About Living Donation
Living donation, when someone chooses to donate one of their kidneys, is an important option to consider for patients who need a kidney transplant.
There are several advantages to receiving a kidney from a living donor.
There is no need to wait for a deceased donor kidney to become available (most living transplants take place three months after the evaluation process begins).
The kidney usually begins to work immediately, even in the operating room.
There are fewer episodes of rejection. As a result, living donor kidneys tend to last longer. Living donor kidneys tend to last an average of 20+ years, while deceased donor kidneys last an average of 11–13 years.
There is a need for fewer immunosuppressive drugs for the recipient, which therefore minimizes the possible side effects.
Living donor transplants can be scheduled. This allows both the donor and the recipient to plan for absences from work and family responsibilities.
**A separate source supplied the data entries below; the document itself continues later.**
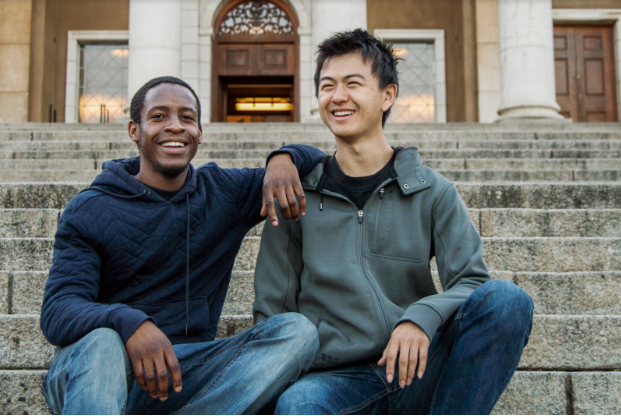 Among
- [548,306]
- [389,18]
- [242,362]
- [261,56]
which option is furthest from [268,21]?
[242,362]

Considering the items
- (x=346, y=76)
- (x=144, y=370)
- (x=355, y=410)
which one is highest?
(x=346, y=76)

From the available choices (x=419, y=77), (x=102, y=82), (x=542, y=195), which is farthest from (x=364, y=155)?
(x=102, y=82)

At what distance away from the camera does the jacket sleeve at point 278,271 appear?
83.2 inches

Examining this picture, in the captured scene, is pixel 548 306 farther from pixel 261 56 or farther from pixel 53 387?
pixel 261 56

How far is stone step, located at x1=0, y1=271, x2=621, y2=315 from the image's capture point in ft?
9.60

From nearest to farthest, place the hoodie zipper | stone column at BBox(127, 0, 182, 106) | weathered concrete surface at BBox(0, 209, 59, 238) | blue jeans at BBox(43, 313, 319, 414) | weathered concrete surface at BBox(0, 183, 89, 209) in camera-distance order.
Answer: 1. blue jeans at BBox(43, 313, 319, 414)
2. the hoodie zipper
3. weathered concrete surface at BBox(0, 209, 59, 238)
4. weathered concrete surface at BBox(0, 183, 89, 209)
5. stone column at BBox(127, 0, 182, 106)

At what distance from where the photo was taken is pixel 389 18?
13023mm

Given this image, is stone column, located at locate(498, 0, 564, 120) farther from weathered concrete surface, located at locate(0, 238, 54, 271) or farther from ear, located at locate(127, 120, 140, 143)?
ear, located at locate(127, 120, 140, 143)

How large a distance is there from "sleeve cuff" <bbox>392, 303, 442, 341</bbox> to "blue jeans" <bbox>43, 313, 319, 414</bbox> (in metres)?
0.30

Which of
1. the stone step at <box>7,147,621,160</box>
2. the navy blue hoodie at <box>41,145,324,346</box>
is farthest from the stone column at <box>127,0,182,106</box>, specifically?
the navy blue hoodie at <box>41,145,324,346</box>

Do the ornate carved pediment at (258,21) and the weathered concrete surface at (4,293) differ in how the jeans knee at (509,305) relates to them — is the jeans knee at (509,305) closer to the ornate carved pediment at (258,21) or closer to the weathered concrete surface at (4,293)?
the weathered concrete surface at (4,293)

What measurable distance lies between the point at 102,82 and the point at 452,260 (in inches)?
489

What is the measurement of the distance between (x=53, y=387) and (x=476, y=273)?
4.64ft

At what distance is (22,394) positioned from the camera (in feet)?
7.92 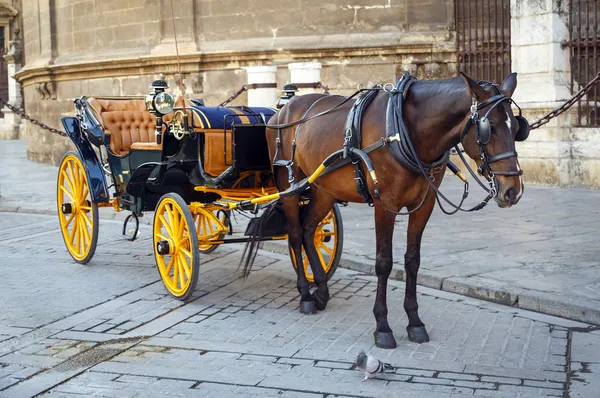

Living donation is a safe procedure for the donors. Most people can live a long and healthy life with one kidney. At PinnacleHealth our donors are screened and tested thoroughly before donation to ensure that removing a kidney will not affect their health in any way. It is our policy that we DO NOT put our living donors at risk for health problems either now or in the future.
Donor Medical Expenses
Donors are not responsible for any expenses related to the testing, surgery or hospitalization for living donation.
Independent Donor Advocate
The Independent Donor Advocate (IDA) is a social worker that is separate from the transplant center. The IDA is trained to be an independent and specialized advocate for the living donors. The IDA’s role is to make sure the living donors understand the donation process, have had their questions answered, and get the specialized support and consideration they deserve. As a potential living donor, any questions or concerns you have about care you receive from the transplant team may be directed to the IDA.
Kidney Function After Surgery
Immediately after donation the donor's kidney function is temporarily reduced by half until the remaining kidney compensates for the missing kidney. This takes approximately 2-4 weeks. After the initial phase of recovery, the donor’s kidney function will be 60-80% of function prior to donation, which is more than adequate to support the donor’s needs.